Published April 1, 2008 10:58AM (EDT)

In a major national security speech delivered last week, John McCain invoked his experience in Vietnam to explain his support for a significant U.S. troop presence in Iraq for as long as it takes to prevent a wider catastrophe in the region. "I hold my position because I hate war, and I know very well and very personally how grievous its wages are," the former POW said in an address to the Los Angeles World Affairs Council. "But I know, too, that we must pay those wages to avoid paying even higher ones later."

But the truth is that it's always about Vietnam for John McCain. He has invoked avoiding the mistakes of Vietnam with a sort of religious fervor in every important debate about dispatching U.S. troops since he first entered Congress in 1983. As he put it in an Aug. 18, 1999, speech to the Veterans of Foreign Wars, he studies "every prospective conflict for the shadow of Vietnam." In fact, a look at his record shows that he subjects every major foreign-policy decision to a Vietnam-derived test similar to the famed Powell doctrine, a test summed up by the McCain quote, "We're in it, now we must win it."

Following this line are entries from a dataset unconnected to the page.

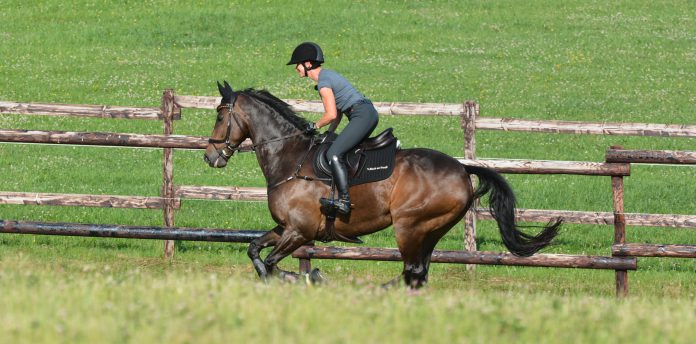 eventing-training eventing-training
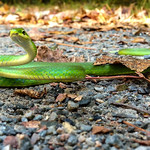 Green Rough Snake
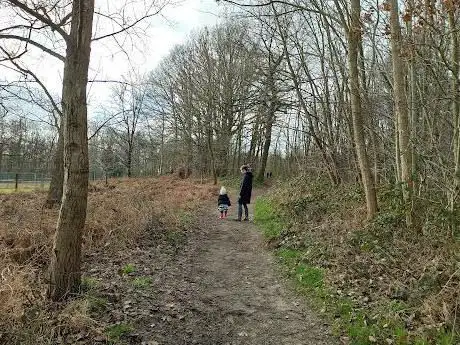 Vallei van de Serskampse Beek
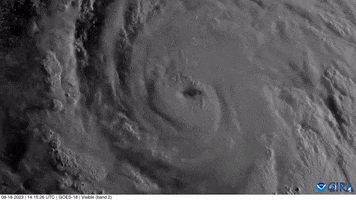 Storming Tropical Storm GIF by Storyful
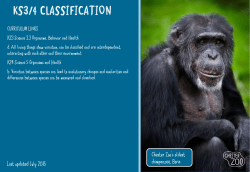 ks3/4 classification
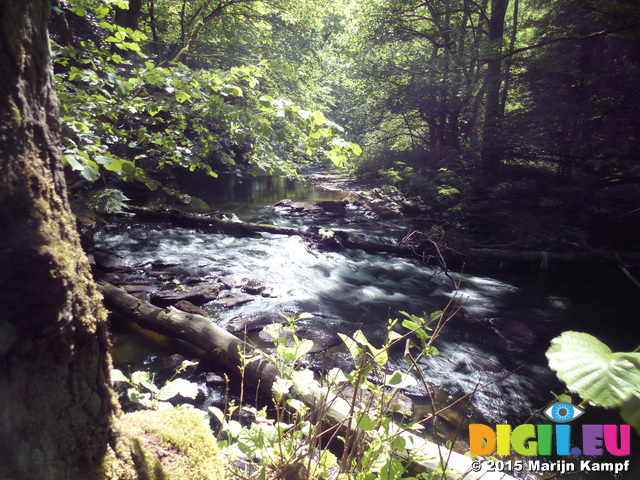 FZ017021 River by Burg Eltz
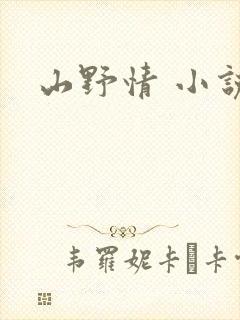 山野情 小说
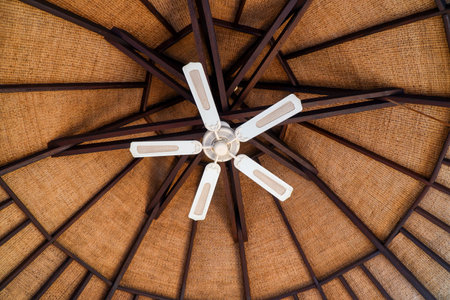 Ceiling of a natural brown wood.の写真素材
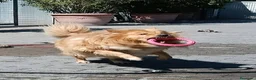 Meticcio cani in regalo: DIOR CAGNOLINO FULVO - Annuncio 6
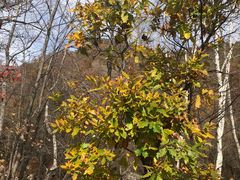 -玉渡山自然风景区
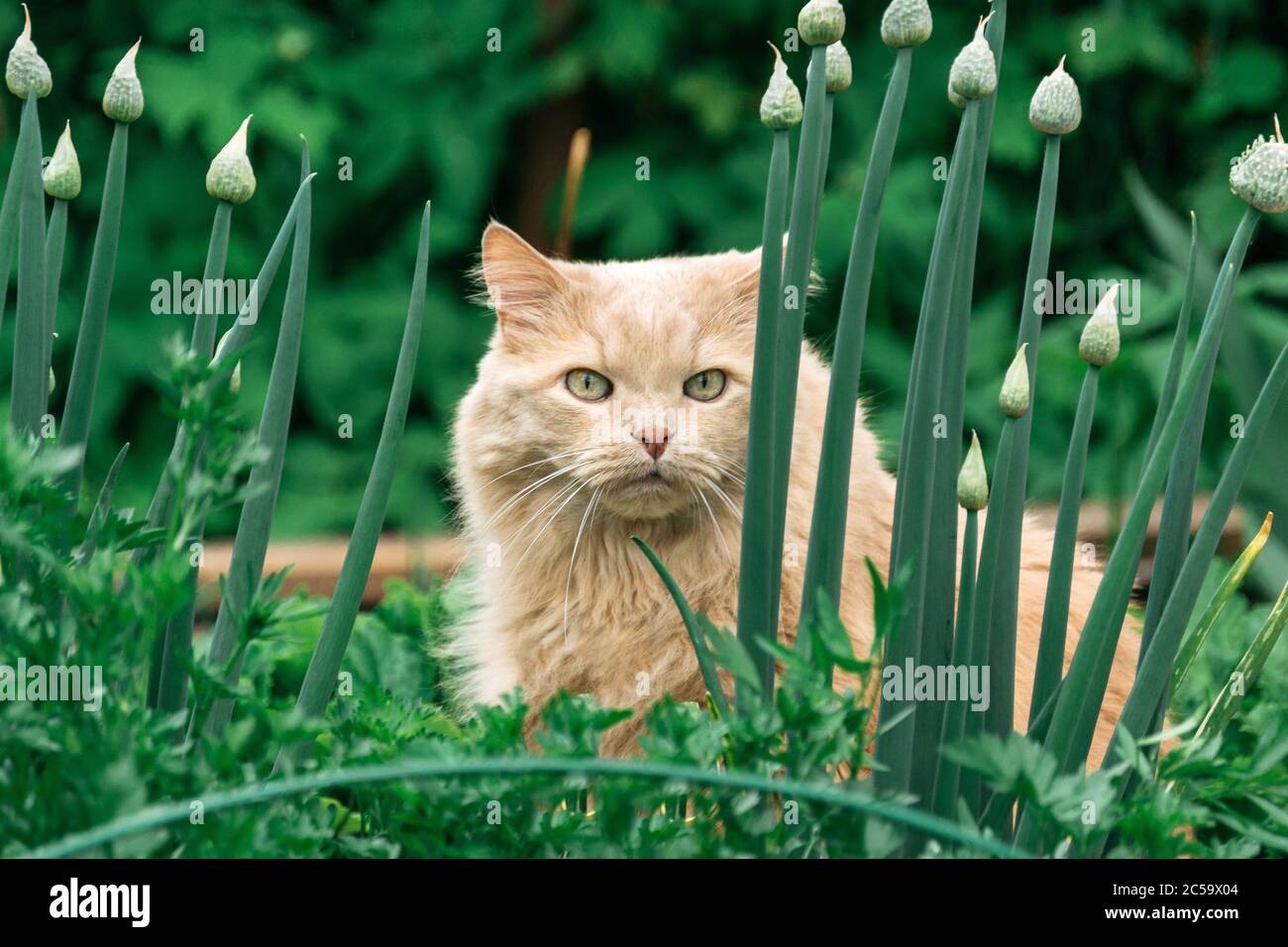 Schöne persische Katzenjagd im Gras im Sommer Front Stockfoto
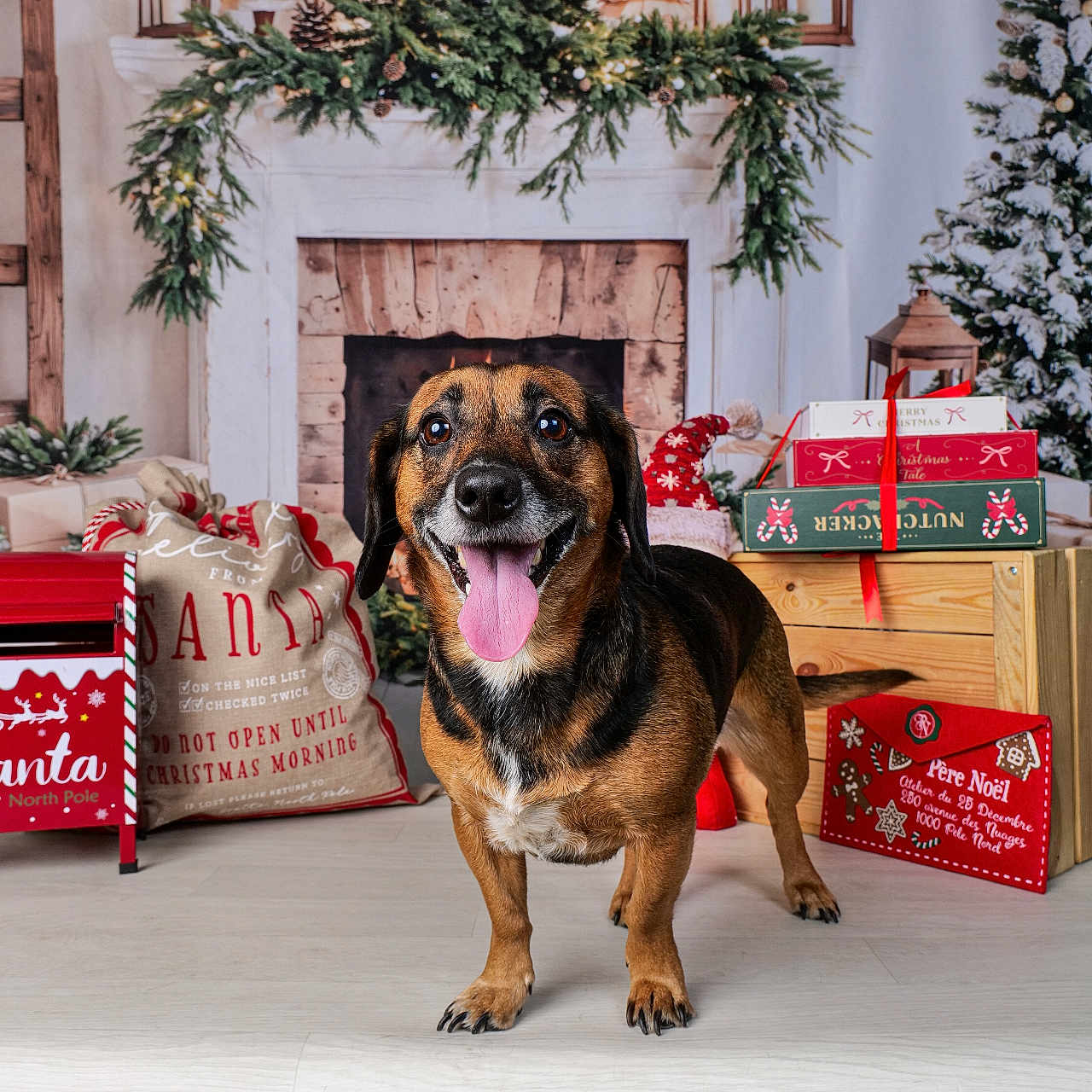 Mia participe au concours pour gagner de l'argent avec cette photo : canine, christmas, crate, decorations, dog, festive, fireplace, gift_boxes, holiday, holiday_decor, indoor, lanterns, pet, pine_tree, presents, smiling, smiling_dog, tongue_out, wood_floor, wreath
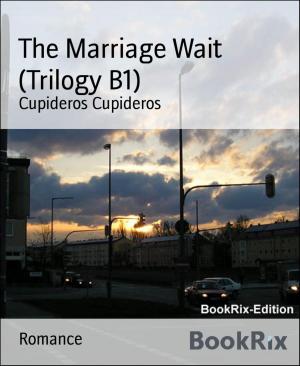 Book cover of The Marriage Wait (Trilogy B1)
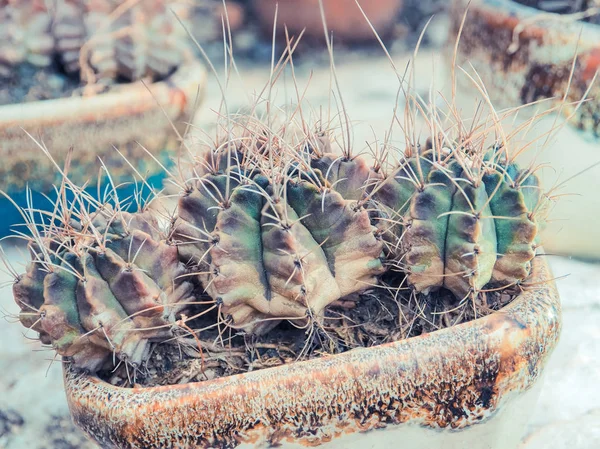 Primo piano succulento del cactus — Foto Stock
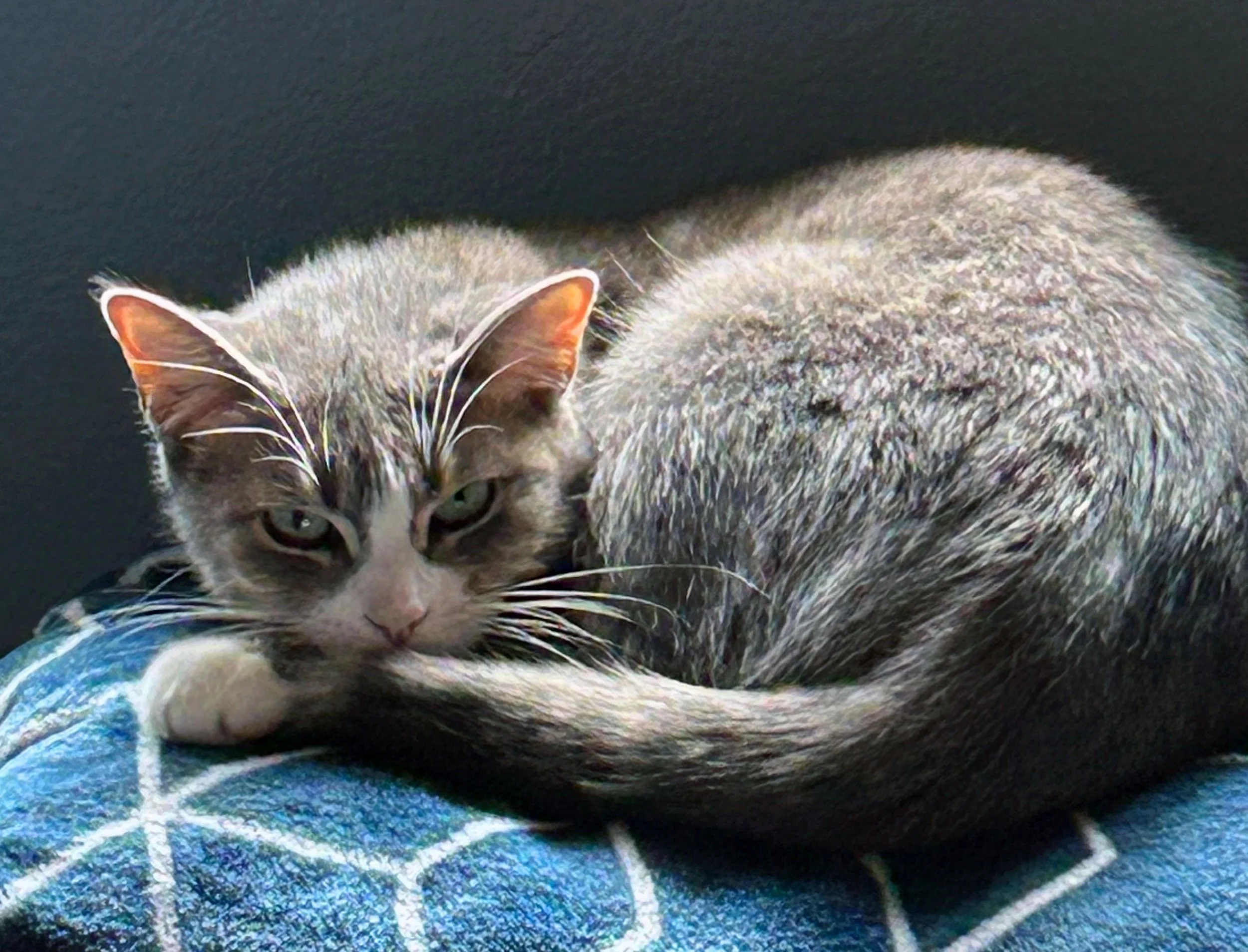 Juniper and Emily Thiessen : Furry Friends Fur-Ever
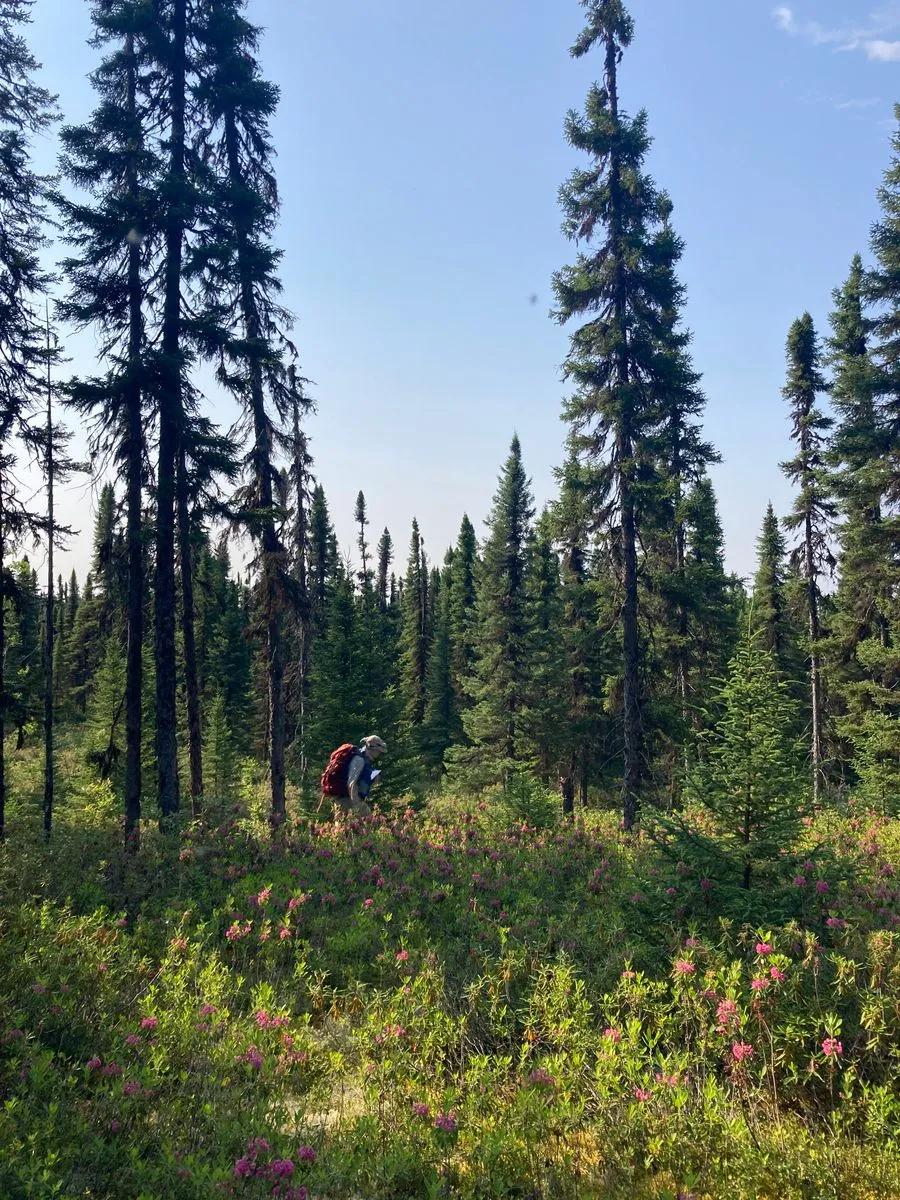 Crew walking through a spruce forest toward a lake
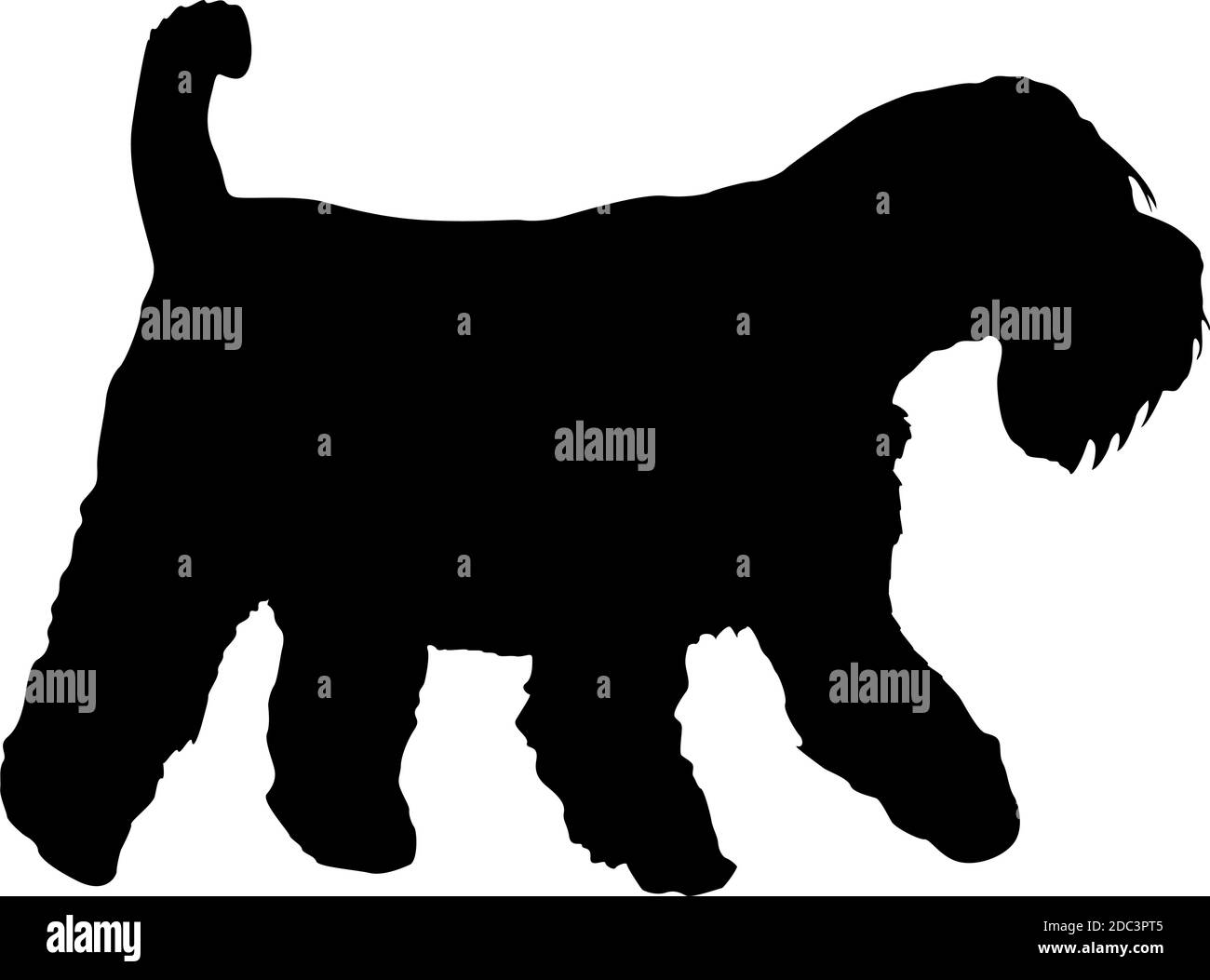 Silhouette noire de chien Airedale sur fond blanc. Illustration de Vecteur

So entrenched are those lessons that McCain sounds, at times, like he wishes they could be applied retroactively. "We lost in Vietnam because we lost the will to fight, because we did not understand the nature of the war we were fighting, and because we limited the tools at our disposal," McCain said at a speech on Iraq at the Council on Foreign Relations on Nov. 5, 2003. And for that reason, it might be advisable to take him at his word when he says he'll stay in Iraq for 100 years. Whether Vietnam is the prism through which he judges national security decisions, or the rationale he uses to explain whatever position he decides to take -- and even if the lessons he says he's learned from Vietnam often seem contradictory -- he has applied his Vietnam test to Iraq and come up with the decision to stay.

Former Secretary of Defense Caspar Weinberger was one of the first to get widespread credit for boiling down Vietnam-like lessons into a short, never-again recipe. But most often cited is Weinberger's former senior military assistant, Colin Powell, who in 1991 as chairman of the Joint Chiefs of Staff articulated what has become known as the Powell Doctrine. Powell, who served in Vietnam, created a series of questions that need to be answered in the affirmative before the commitment of U.S. ground forces. Though Powell himself never codified the questions on any single written document, they are generally agreed to consist of the following:

  • Is there a vital national security interest at stake?
  • Is there a clear and attainable goal?
  • Have nonviolent efforts been exhausted?
  • Is there a viable exit strategy?
  • Do the American people support action?
  • Is there broad international support?

Once the decision has been made to take action, the Powell Doctrine says that the application of force should be overwhelming.

As a member of the House and Senate over the past quarter-century, McCain has used his own version of the Powell Doctrine to analyze national security issues and explain his decisions. For McCain, the lessons from Southeast Asia are clear. Prior to committing U.S. troops, carefully define the objective of an engagement, determine if the goal is achievable and is a vital national interest and weigh the potential cost. Should military action begin, commitment must be total, force should be overwhelming, and action must be seen through to its conclusion.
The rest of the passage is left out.